Si el 75 por ciento de nuestro cuerpo es agua, en el alma de cada ciudadano reside un porcentaje similar del consumidor que llevamos dentro. Por ello, también como tal reaccionamos a los mensajes electorales, de forma que la política difícilmente se puede sustraer de la blanda dictadura del consumo. Un experto en semiótica, Paolo Fabri, dice "que la publicidad piensa menos en la verdad que en la eficacia, y eso se ha trasladado a la política, donde se busca que el discurso sea más eficaz y persuasivo que verdadero". Este contexto determina la relación entre elector y candidato: no esperamos de estos que nos digan la verdad, sino que nos persuadan de que son el producto que necesitamos para recomponer los desarreglos de nuestras vidas.

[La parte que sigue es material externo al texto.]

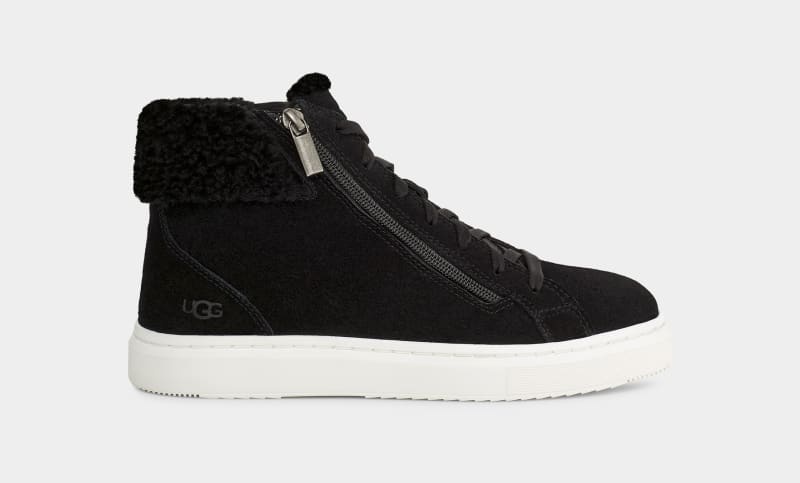 Black Women\'s Ugg Alameda Mid Zip Sneakers | India-1894360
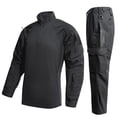 thumbnail image 1 of Workwear Tactical Training Suit for Mens Long Sleeved Zipper Hooded Multifunctional Set Windproof Rainproof Solid Classic Pullover Sweater Warm Blouses High Waist Athletic Stretch Pants with Pockets, 1 of 5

Para ello, a menudo, los partidos confían en la magia publicitaria para anular la tozuda evidencia de los hechos. Es el caso de un asunto que se ha situado en primer plano de la campaña: el contenido de la breve conversación, off the record, entre Zapatero y Gabilondo, que se ha convertido en leivmotiv de campaña. Cualquiera que haya visto dichas imágenes sabe que las palabras de Zapatero fueron dichas en tono coloquial y expresadas en términos de complicidad y confianza con su interlocutor. Pero nada de ello ha impedido a sus adversarios utilizar cínicamente el desliz presidencial, como si se tratase de la confirmación de algo que ellos ya se maliciaban: Zapatero es el gran crispador. No hace falta haber estado excesivamente atento a lo ocurrido en la legislatura, para tener la certeza de que la crispación ha sido el eje principal de la estrategia del PP y de su entorno mediático. Pero estos piensan que un buen uso de la propaganda les bastará para dar la vuelta a la realidad y presentarse ante los electores como el partido de la serenidad y la calma.

Aunque lo más revelador de todo este asunto no es lo que tanto ha excitado a los populares, sino algo que nos habla de la lábil naturaleza de la política: que Zapatero, para movilizar a los suyos, parece confiar más en sus dotes dramáticas que en sus virtudes como gobernante o en la bondad de sus propuestas electorales.